It's actually a cool idea. Religion is often a messy terrain, and it doesn't hurt to write a script where the messy parts of religion end up in achieving human upliftment anyway. Dwaraka certainly manages to be that script, but it fails to be that film.
This is where we get to the V V Vinayak part of the bridge - the execution. Director Srinivas Ravindra isn't incompetent. But basic competence is no good for a script like that of Dwaraka. It works for a masala potboiler where you have enough and more references. You can exactly tell the cinematographer what kind of a WHOOOSH you want. You can get the re-recording to produce the exact kind of WHHOOOAH you want. The action choreographer will gladly flaunt new ways to defy physics, and the art director's already taking notes from Shankar's last few song sets. Garnish with an item number and two spoofs, and remember to serve your potboiler hot. Bon appetit!

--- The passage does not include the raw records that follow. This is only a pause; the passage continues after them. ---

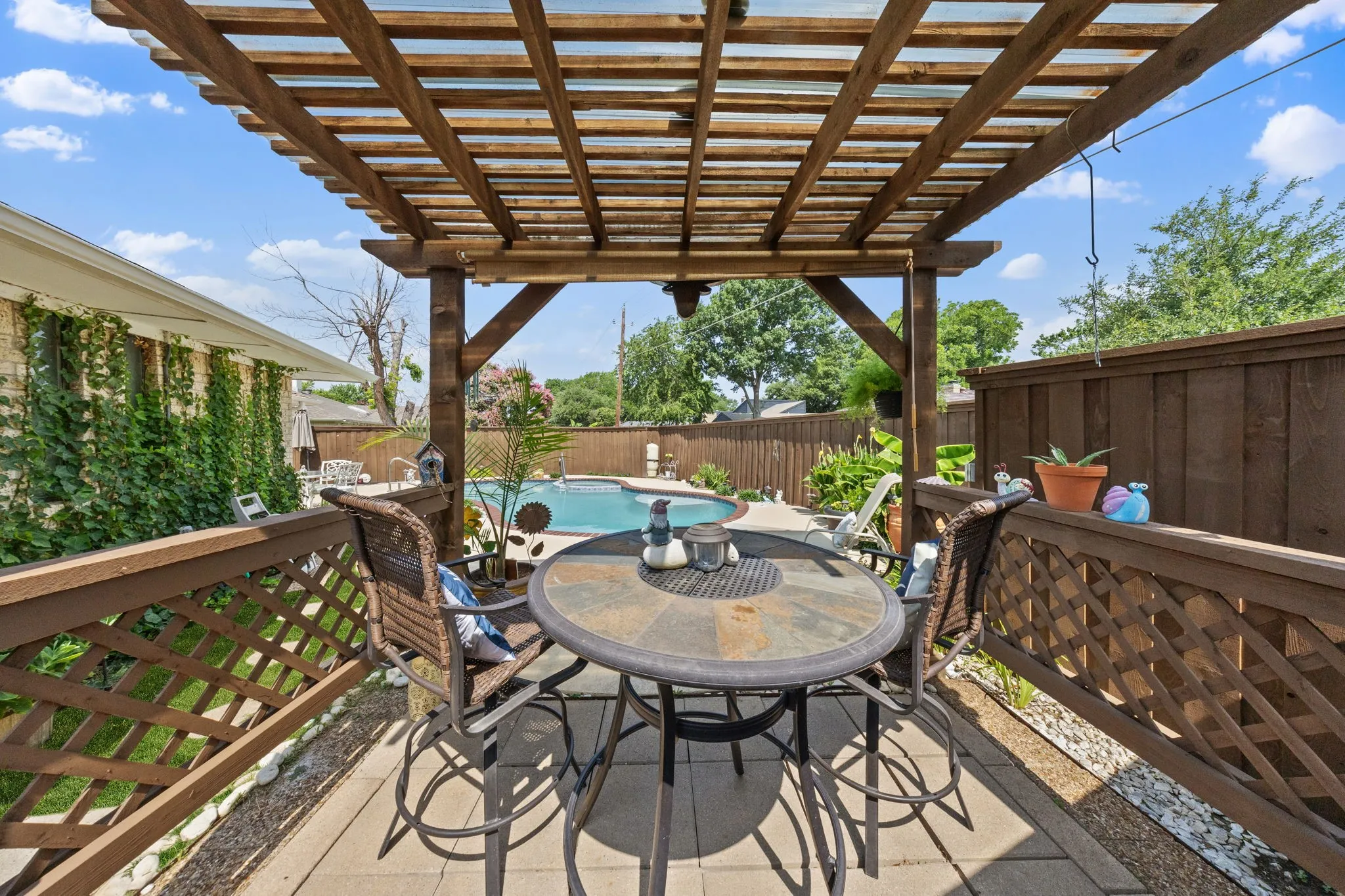 Single Family Residence For Sale in Collin County , 1521 Baffin Bay Drive, Plano, Texas 75075, 4 Bedroom, 3 Bathroom, 2 Garage spaces, 2,403 Sqft, built in 1977, mls#21314583, Real Estate Agent in Plano, Homes For Sale in Collin county, Homes For Sale in Plano, Realtor in Plano Texas, Real Estate Brokerage Independent Realty Texas, Luminita Cordes Realtor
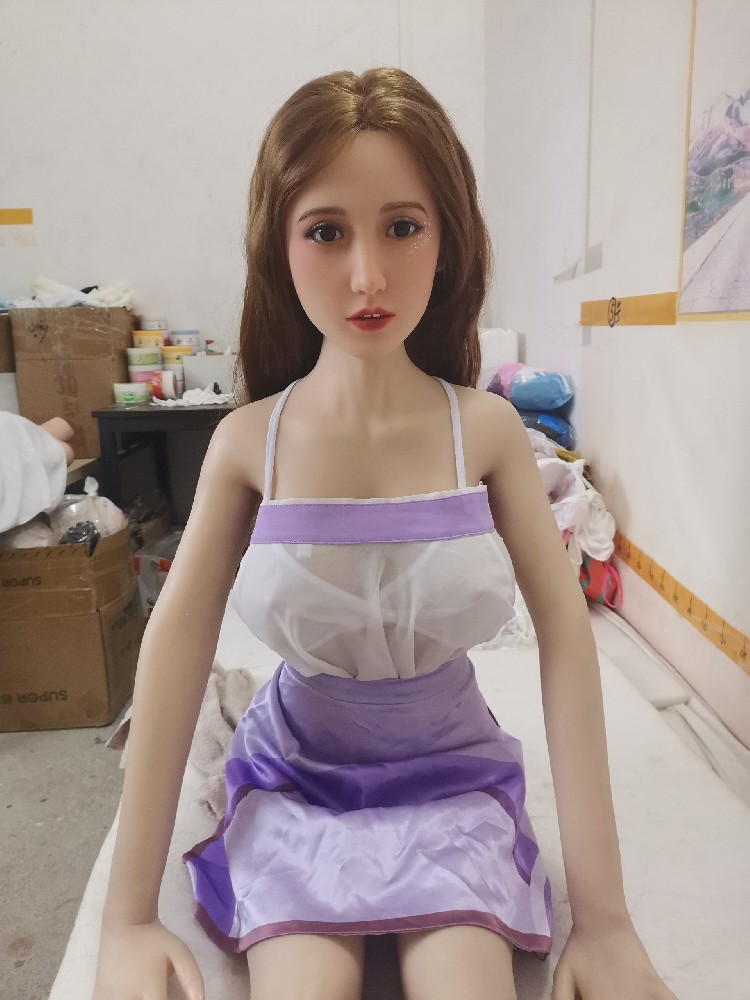 1.58米硅胶头植发，带站立功能，790邮自理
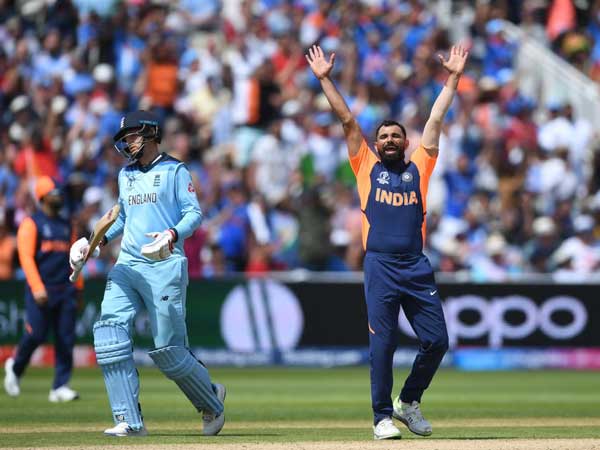 భువీ గాయపడటంతో షమీకి ఛాన్స్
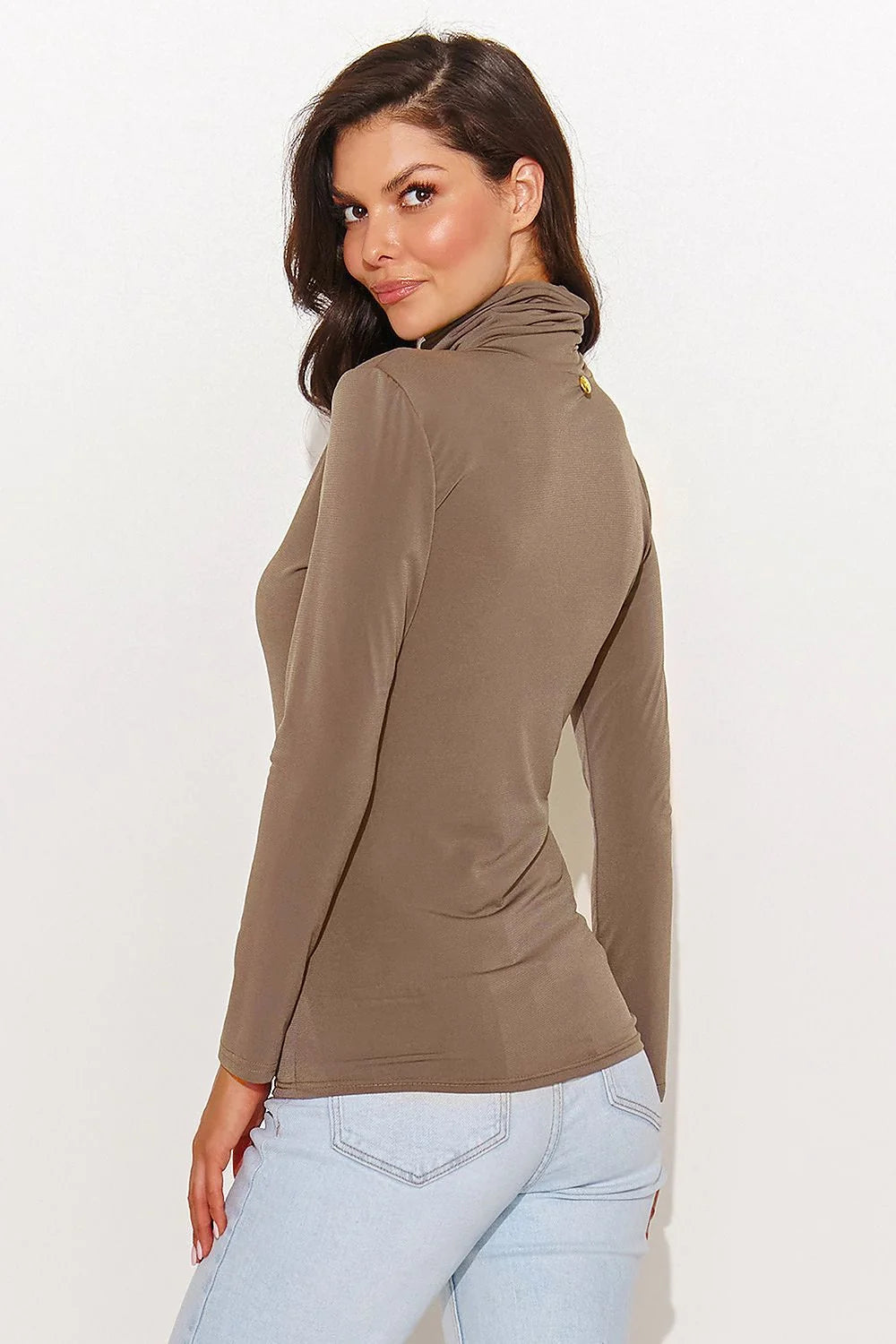 Chemisier col roulé manches longues femme tissu extensible couleur taupe coupe ajustée style intemporel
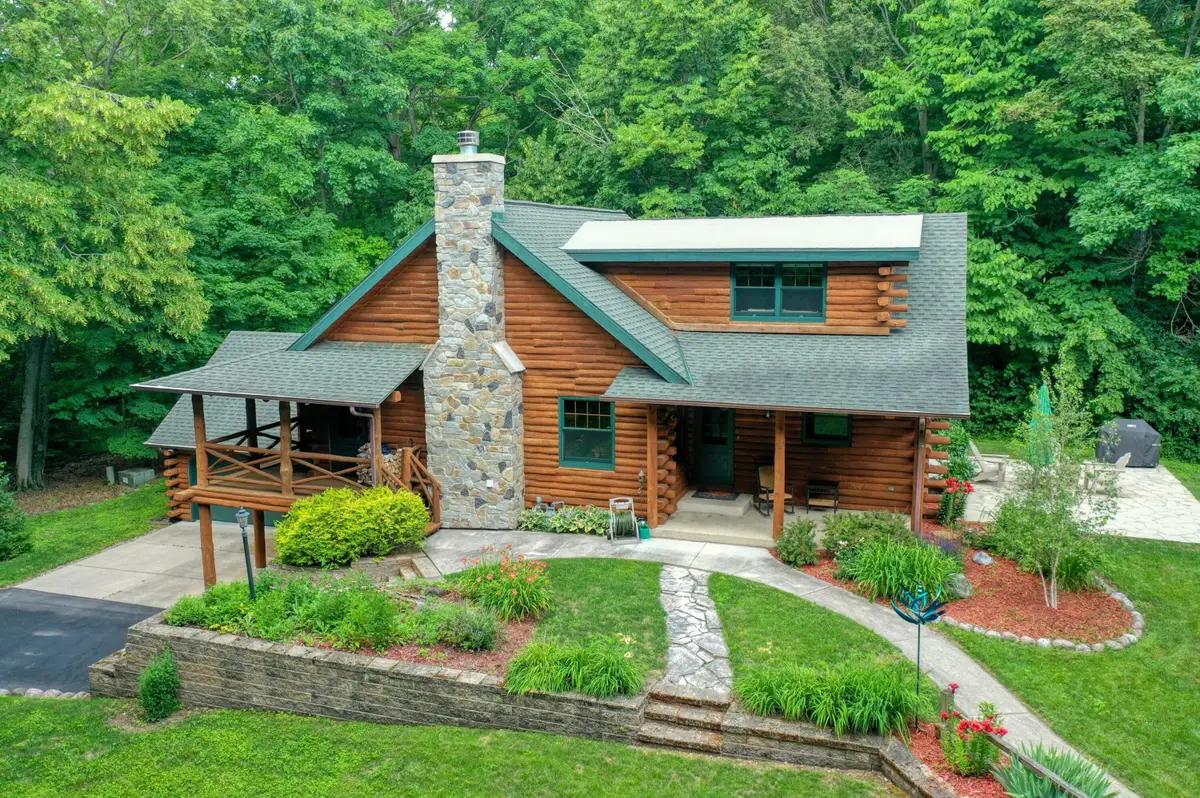 N128W12985 Highland Rd, Germantown, WI 53022 - #1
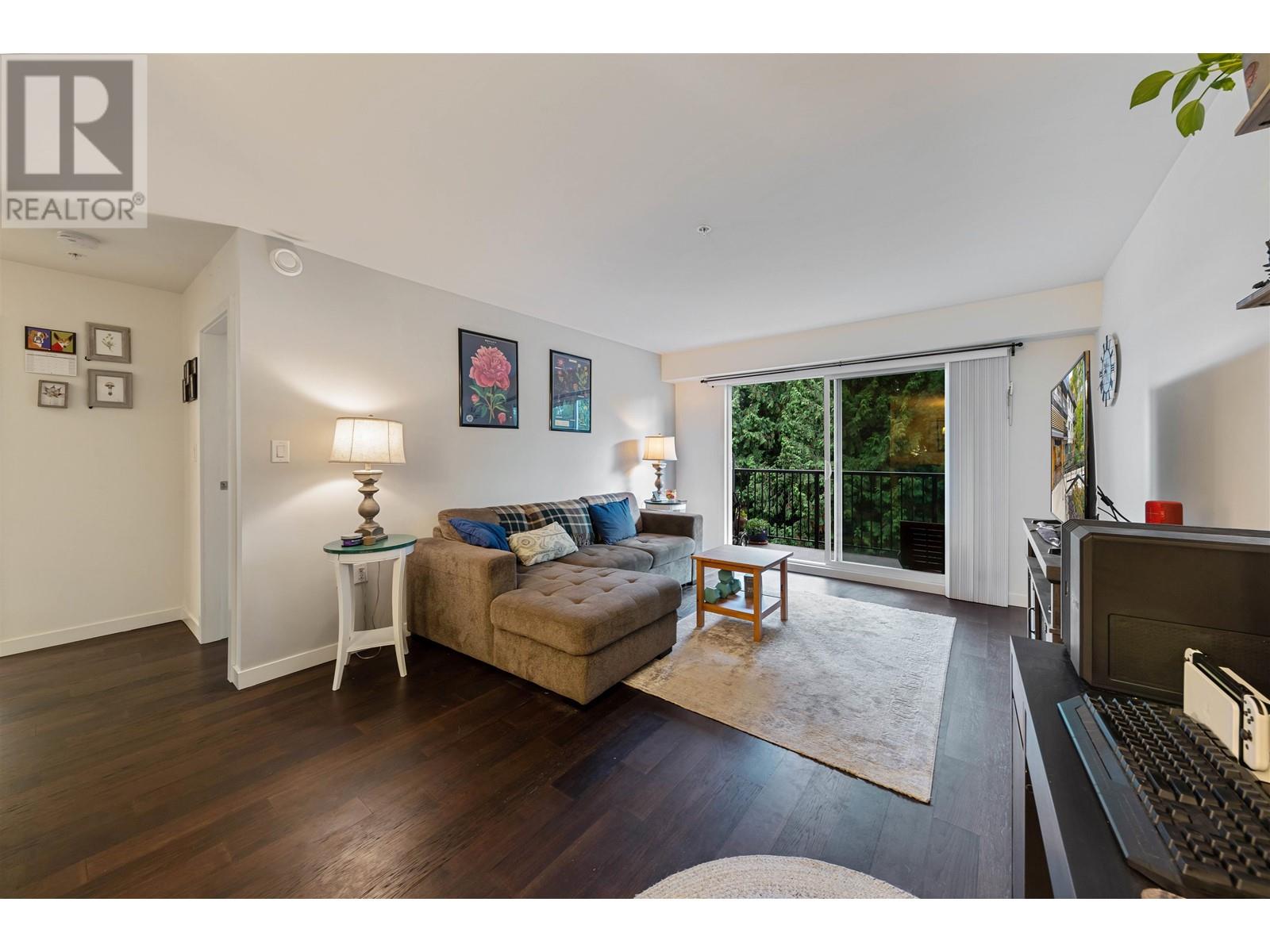305 357 E 2nd Street, North Vancouver, British Columbia  V7L 1C6 - Photo 3 - R2827169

Dwaraka needed something else, though. It needed a storyteller who can make you sensitize with the febrile religiosity of the common citizen. You need to feel the power of faith, the draw of love, the pangs of guilt, and joy of human kindness. With Dwaraka, you largely feel bored.
It doesn't help that the actors work in monotones. Vijay Devarakonda is picking great scripts but that doesn't automatically make him a great actor. He is way out of his depth in a film which called for some actual meditating on motivations. His speech has a slur of inebriation which works very well for a lout without responsibility (like the one he played in Pellichoopulu
), but you really need such things as diction and gravity for a role where you're struggling with guilt and inspiration. Considering there are really few actors who speak the Telangana dialect naturally, Devarakonda's improvement in speech can truly expand the cultural soundscape in our films.
And Pooja Jhaveri looks like a sprightly confident girl who'd be cool to hang out with. There's this irreverent look she gives which is rather attractive. The problem with it, though, is she has the same look practically throughout the film. You have to serve a godman you don't like? Irreverent confident look. You discover your godman is fake? Irreverent confident look. You begin liking the fellow? Irreverent confident look. This chap you like is likely to die? Yeah, you guessed it.
So what you have left are a great storyline, some good songs (Sai Kartik delivers a lovely "Bhajare Nandagopala Hare" with Chitra), a few intermittent jokes, and a solid supporting cast trying to make them work (Prudhvi is truly a star). That might still be a decent couple of hours if you don't bore easily.